Restano esclusi il personale ATA e i supplenti brevi (con contratti inferiori alle tipologie previste dal decreto). Il decreto interministeriale 59/2026 esclude tutti gli altri lavoratori della scuola e anche gli stessi supplenti annuali per i servizi svolti nell’ultimo quinquennio, una limitazione che ha alimentato ulteriori critiche sindacali.

Per accedere al bonus bisogna entrare sul portale cartadeldocente.istruzione.it con SPID o CIE e generare i buoni prima degli acquisti.
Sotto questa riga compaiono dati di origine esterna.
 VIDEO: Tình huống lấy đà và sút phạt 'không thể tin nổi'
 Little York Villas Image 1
Cosa si può comprare e le nuove regole sull’hardware

Le categorie di spesa ammesse restano quelle consolidate: libri e testi digitali, riviste specializzate, corsi di aggiornamento, master universitari, biglietti per cinema, teatro e musei, corsi di laurea coerenti con il profilo professionale. A partire dal 2026 nelle categorie di spesa sono stati introdotti i trasporti e gli strumenti musicali, due novità operative che ampliano le possibilità di utilizzo.

Tra le modifiche più rilevanti introdotte dal decreto c’è il nuovo regime per l’acquisto di dispositivi tecnologici. A partire dall’anno scolastico 2025-2026, hardware e software potranno essere acquistati esclusivamente alla prima erogazione della Carta e successivamente con cadenza quadriennale. Una limitazione che ha colpito in particolare chi aveva abituato a rinnovare periodicamente i propri strumenti di lavoro digitali.
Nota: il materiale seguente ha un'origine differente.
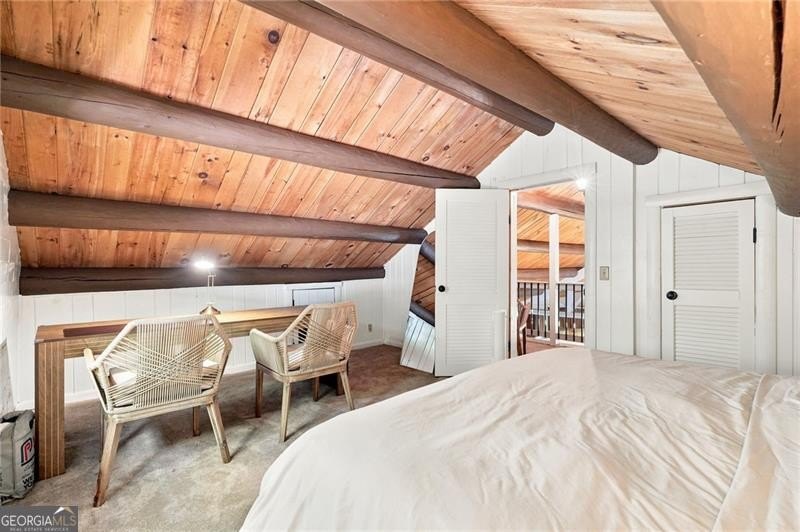 This light and bright 4 BR with 2 Full Bath design home is a - photo 21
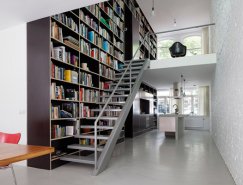 大胆的设计 超大的书架：鹿特丹三层垂直Loft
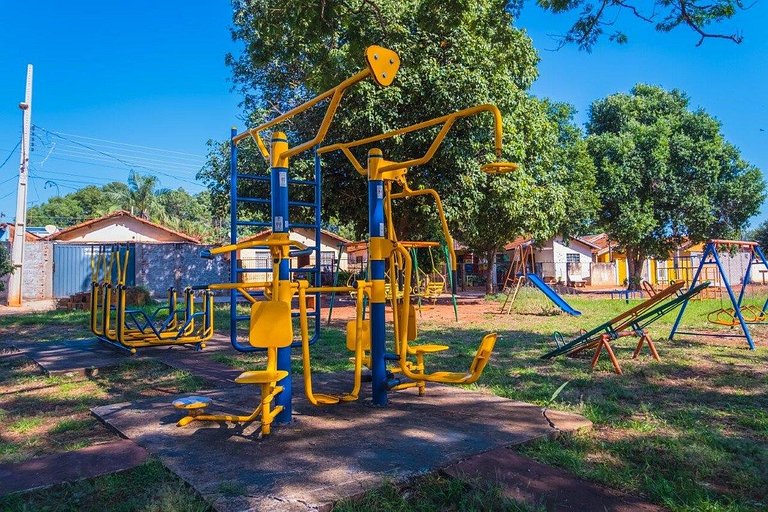 Completa , academia e parque ao ar livre , com ar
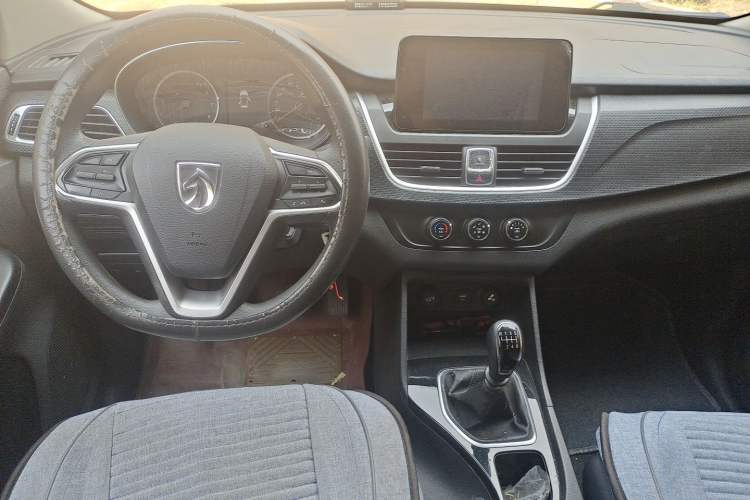 Used Baojun 730 2019 1.5L Manual Fashion Model 7-seater China VI Center Console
La scadenza del 31 agosto e cosa succede ai soldi non spesi

Le somme non utilizzate entro il 31 agosto non saranno più spendibili per l’anno scolastico in corso. Questo è il termine da segnare sul calendario.
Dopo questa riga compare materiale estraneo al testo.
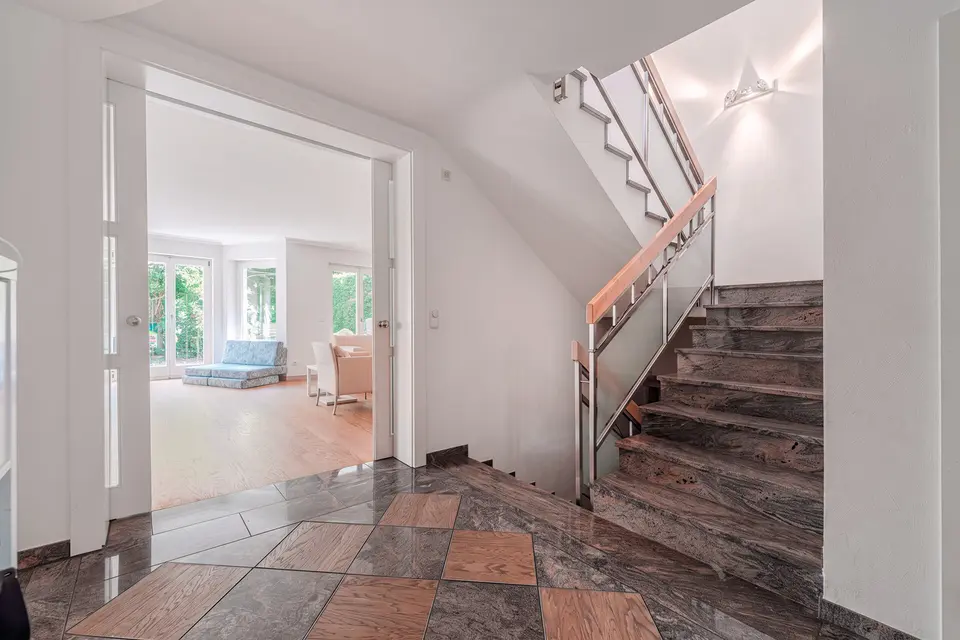 4 Zimmer Haus mit 204 m² in Essen – Bild 3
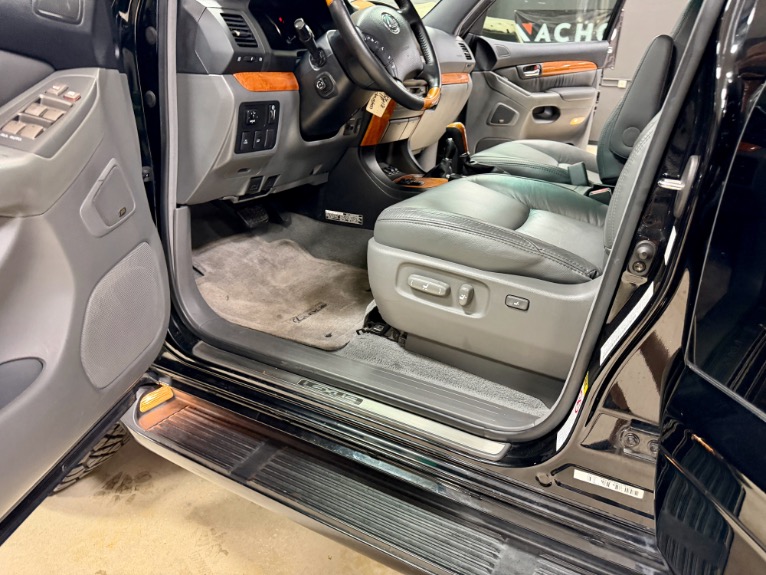 2003 Lexus GX 470 - Photo 24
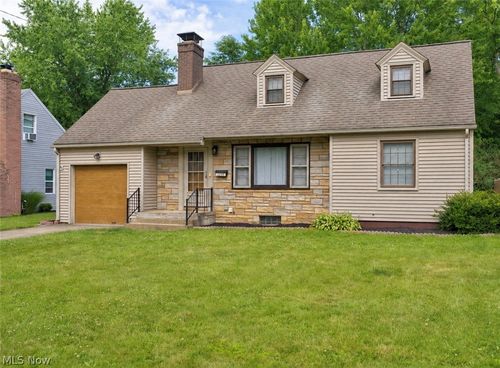3209 Hermosa Dr, Youngstown, OH, 44511-2207 | Card Image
Tuttavia, le somme dell’a.s. 2025-2026 non spese entro il 31 agosto 2026 potranno essere utilizzate anche nel 2026-2027 e cumulate con il nuovo bonus. Non si tratta quindi di una perdita definitiva, ma di una decurtazione dall’assegnazione corrente: i residui slitteranno all’anno successivo, dove si sommeranno al nuovo importo. Le somme dell’a.s. 2024-2025 potranno invece essere spese entro il 31 agosto 2026.

Chi aveva ancora residui dall’anno precedente può quindi usarli entro la stessa scadenza, cumulandoli con i 383 euro del 2025-2026.